Ich denke, es ist an der Zeit, in Deutschland für den Flüchtlingsschutz auf die Straße zu gehen.

Das Bild zeigt das Porträtbild eine Mannes

Markus N. Beeko, Generalsekretär von Amnesty International in Deutschland

Es ist nicht auszuhalten, hinzuschauen und zuzuhören.
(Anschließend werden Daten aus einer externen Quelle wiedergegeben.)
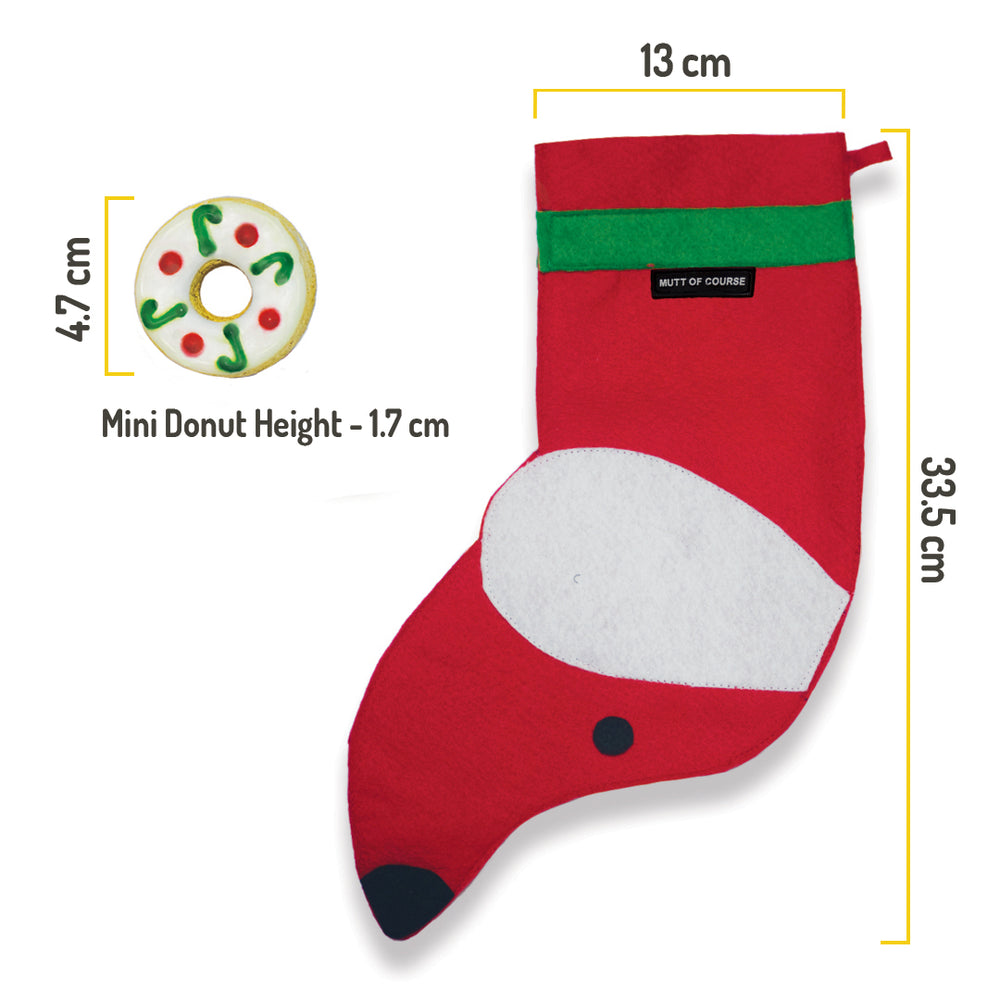 Christmas Stocking and Treat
Und man wundert sich, wie es anderen gelingt, dies alles auszuhalten. "Wir müssen diese Bilder aushalten", sagte Sachsens Ministerpräsident Michael Kretschmer angesichts frierender und hungernder Frauen und Kinder an der polnischen Grenze.

Und sein Parteikollege Jens Spahn sagte: "Vielleicht müssen wir tatsächlich mal darüber nachdenken, ob die Flüchtlingskonvention und die Europäische Menschenrechtskonvention so noch funktionieren." Wie er das mit dem Grundgesetz (auf das er einst als Minister geschworen hat) oder mit seinem christlichen Selbstverständnis vereinbart? Ein biblisches Wunder.

Nun, die Bibel ist fast 2000 Jahre alt – da vergisst vielleicht mancher. Offenbar gehören für einige schon jetzt die Beschwörungen von Politiker*innen zur ­Verteidigung "unserer westlichen Werte" und der Solidarität mit den Millionen aus der Ukraine fliehenden Menschen angesichts des russischen Angriffskrieges zur verdrängten Geschichte.

Es ist aber nicht auszuhalten, zu erinnern und nicht zu vergessen.

Beispielsweise, dass die Genfer Flüchtlingskonvention auf die schrecklichen ­Erfahrungen der vielfach verweigerte Aufnahme verfolgter Jüdinnen und Juden vor und während des Zweiten Weltkriegs und den massenhaften Fluchtbewegungen in Europa folgte.

Heute sind so viele Menschen wie ­selten zuvor auf der Flucht vor Krieg, Gewalt und Verfolgung. Wer flieht, braucht Schutz – ohne Wenn und Aber. Stattdessen will die EU mit Zustimmung Deutschlands grundlegende menschenrechtliche Verpflichtungen im Flüchtlingsschutz aufgeben. Die Bundesregierung verrät damit ihren Verfassungsauftrag und ihre eigenen, im Koalitionsvertrag verankerten Bekenntnisse zu geltenden Menschenrechtsnormen.

Ich spreche in diesen Tagen mit vielen, denen es schwerfällt, dies alles aus­zuhalten.

Der aktuelle Amnesty-Jahresbericht dokumentiert neben Flucht eine weitere Entwicklung: Protest. Millionen Menschen demonstrieren weltweit gegen Gewalt und Unterdrückung, ob im Iran, in Peru oder in Georgien. Ich denke, es ist an der Zeit, in Deutschland für den Flüchtlingsschutz auf die Straße zu gehen.

Markus N. Beeko ist General­sekretär der deutschen Amnesty-Sektion.